Vision-Language Models are Zero-Shot Reward Models for Reinforcement Learning
@inproceedings{
rocamonde2024visionlanguage,
title={Vision-Language Models are Zero-Shot Reward Models for Reinforcement Learning},
author={Juan Rocamonde and Victoriano Montesinos and Elvis Nava and Ethan Perez and David Lindner},
booktitle={The Twelfth International Conference on Learning Representations},
year={2024},
url={https://openreview.net/forum?id=N0I2RtD8je}
}
GitHub - AlignmentResearch/vlmrm
1. 环境配置
git clone https://github.com/AlignmentResearch/vlmrm.git
pip install -e ".[dev]"
2. docker
(或者不用docker也可以的)
2.1 配置docker
sudo apt-get update
sudo apt-get install ca-certificates curl gnupg
sudo install -m 0755 -d /etc/apt/keyrings
curl -fsSL https://download.docker.com/linux/ubuntu/gpg | sudo gpg --dearmor -o /etc/apt/keyrings/docker.gpg
sudo chmod a+r /etc/apt/keyrings/docker.gpg
echo \
"deb [arch="$(dpkg --print-architecture)" signed-by=/etc/apt/keyrings/docker.gpg] https://download.docker.com/linux/ubuntu \
"$(. /etc/os-release && echo "$VERSION_CODENAME")" stable" | \
sudo tee /etc/apt/sources.list.d/docker.list > /dev/null
sudo apt-get update
sudo apt-get install --yes \
docker-ce \
docker-ce-cli \
containerd.io \
docker-buildx-plugin \
docker-compose-plugin
sudo apt install --yes ubuntu-drivers-common
sudo ubuntu-drivers autoinstall
distribution=$(. /etc/os-release;echo $ID$VERSION_ID)
curl -s -L https://nvidia.github.io/nvidia-docker/gpgkey | sudo apt-key add -
curl -s -L https://nvidia.github.io/nvidia-docker/$distribution/nvidia-docker.list | sudo tee /etc/apt/sources.list.d/nvidia-docker.list
sudo apt-get update && sudo apt-get install -y nvidia-container-toolkit nvidia-docker2
sudo systemctl restart docker
gedit ~/.bashrc
export DOCKER_USER=<your_username>
export WANDB_API_KEY=<your_api_key>
source ~/.bashrc
如果之前没有设置docker_user, please reference:
docker login
2.2 troubleshooting
(1) MUJOCO_EGL_DEVICE_ID
报错:RuntimeError: The MUJOCO_EGL_DEVICE_ID environment variable must be an integer between 0 and -1 (inclusive), got 0.
网上的方法是加一句:
import os; os.environ["MUJOCO_GL"] = "egl"; os.environ["MUJOCO_EGL_DEVICE_ID"] = "0"; import mujoco
但是试了没用。

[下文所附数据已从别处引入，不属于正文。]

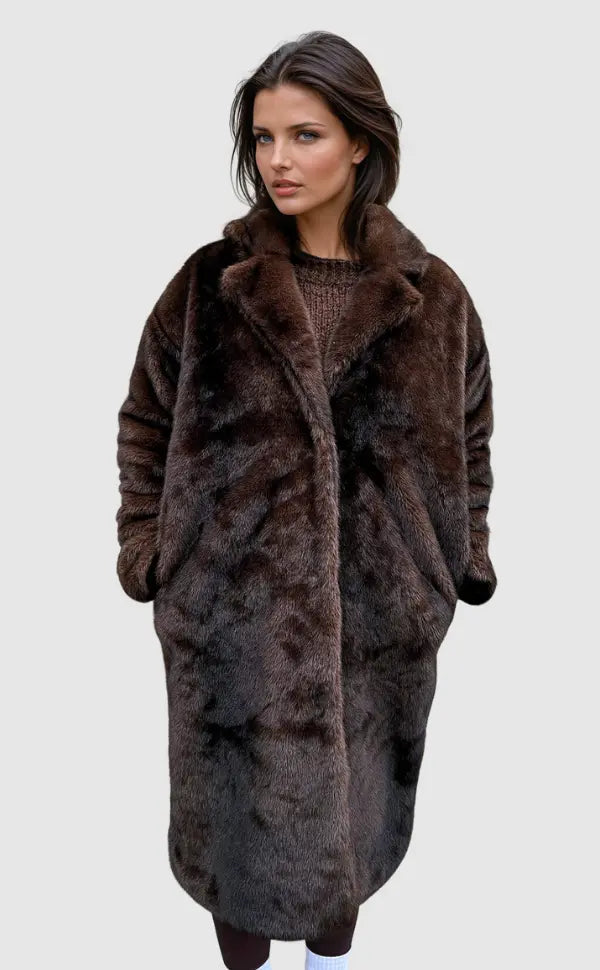 Woman wearing long brown faux fur coat over knit sweater outdoors | Grace Aura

后来自己好了。泪目。
(2)Docker启动容器报错:Unknown runtime specified nvidia
报错:docker: Error response from daemon: unknown or invalid runtime name: nvidia
sudo gedit /etc/docker/daemon.json
{
"runtimes": {
"nvidia": {
"path": "nvidia-container-runtime",
"runtimeArgs": []
}
},
"default-runtime": "nvidia"
}
我是没有"default-runtime": "nvidia"。也不确定是不是改完就好了。因为后面重新安装了一次。

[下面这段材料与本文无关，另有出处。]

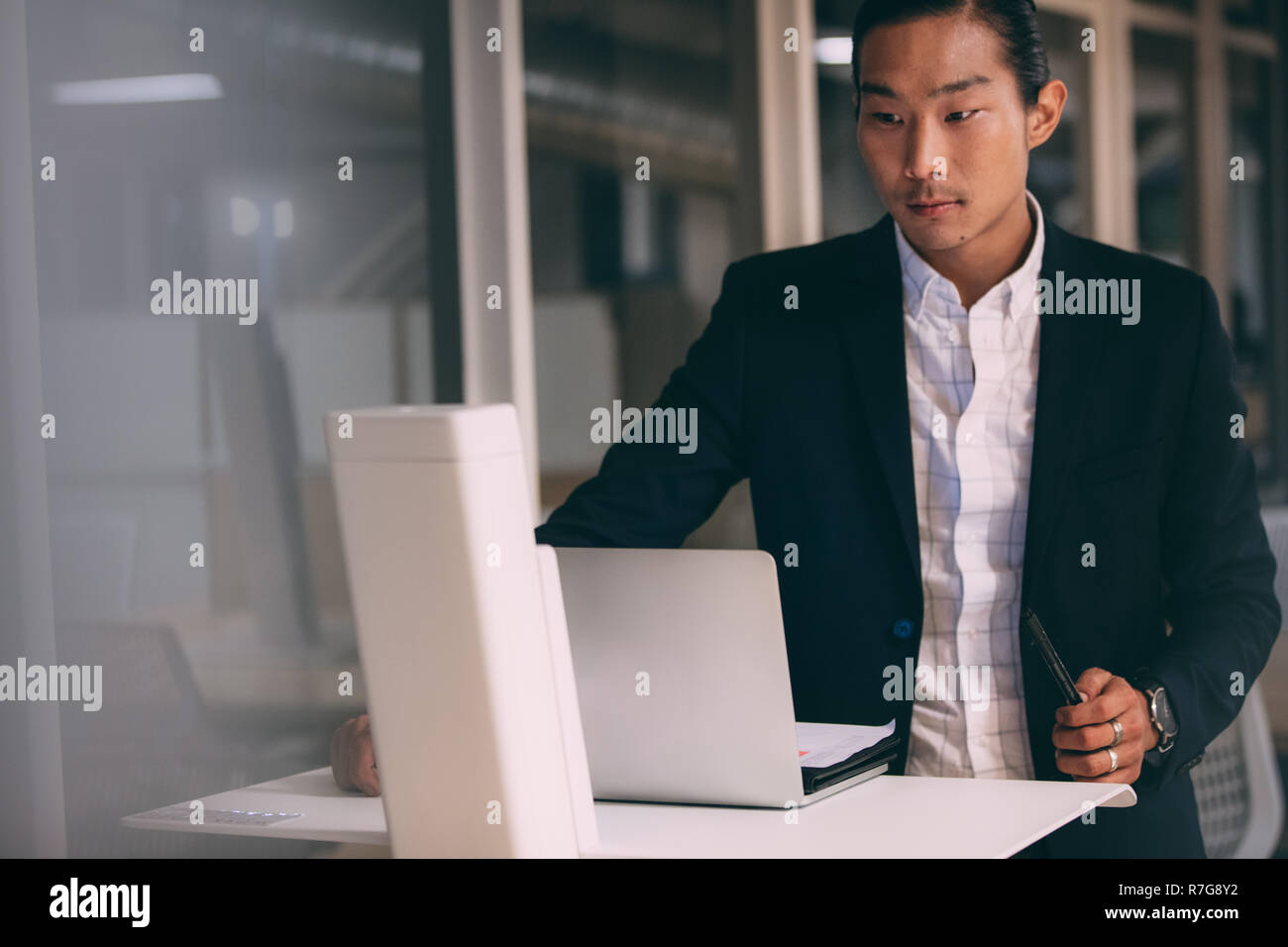 Asiatische Geschäftsmann eine Präsentation steht mit seinem Laptop. Unternehmer im Büro an seinem Laptop. Stockfoto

(3)报错:docker: Error response from daemon: failed to create task for container: failed to create shim task: OCI runtime create failed: runc create failed: unable to start container process: error during container init: error running hook #0: error running hook: exit status 1, stdout: , stderr: Auto-detected mode as 'legacy' nvidia-container-cli: initialization error: nvml error: driver/library version mismatch: unknown.
重启之。
sudo systemctl restart docker
3. run
3.1 docker下测试test_fps.py
docker run -it --rm --gpus=all --runtime=nvidia \
$DOCKER_USER/vlmrm:latest \
python3 /root/vlmrm/test_fps.py
3.1.1 代码分析
test_fps.py用于在一个虚拟环境中创建和运行多个强化学习环境,并测试其每秒帧数(FPS)
import multiprocessing
import time
import typer
from numpy import array
from stable_baselines3.common.vec_env import DummyVecEnv
import gymnasium
from vlmrm.contrib.sb3.make_vec_env import make_vec_env
from vlmrm.contrib.sb3.subproc_vec_env import SubprocVecEnv
from vlmrm import envs
import os
# multiprocessing:用于获取CPU核心数量。
# time:用于计算时间和FPS。
# typer:用于创建命令行接口。
# numpy.array:用于创建数组。
# stable_baselines3.common.vec_env.DummyVecEnv 和 gymnasium:用于创建和管理强化学习环境。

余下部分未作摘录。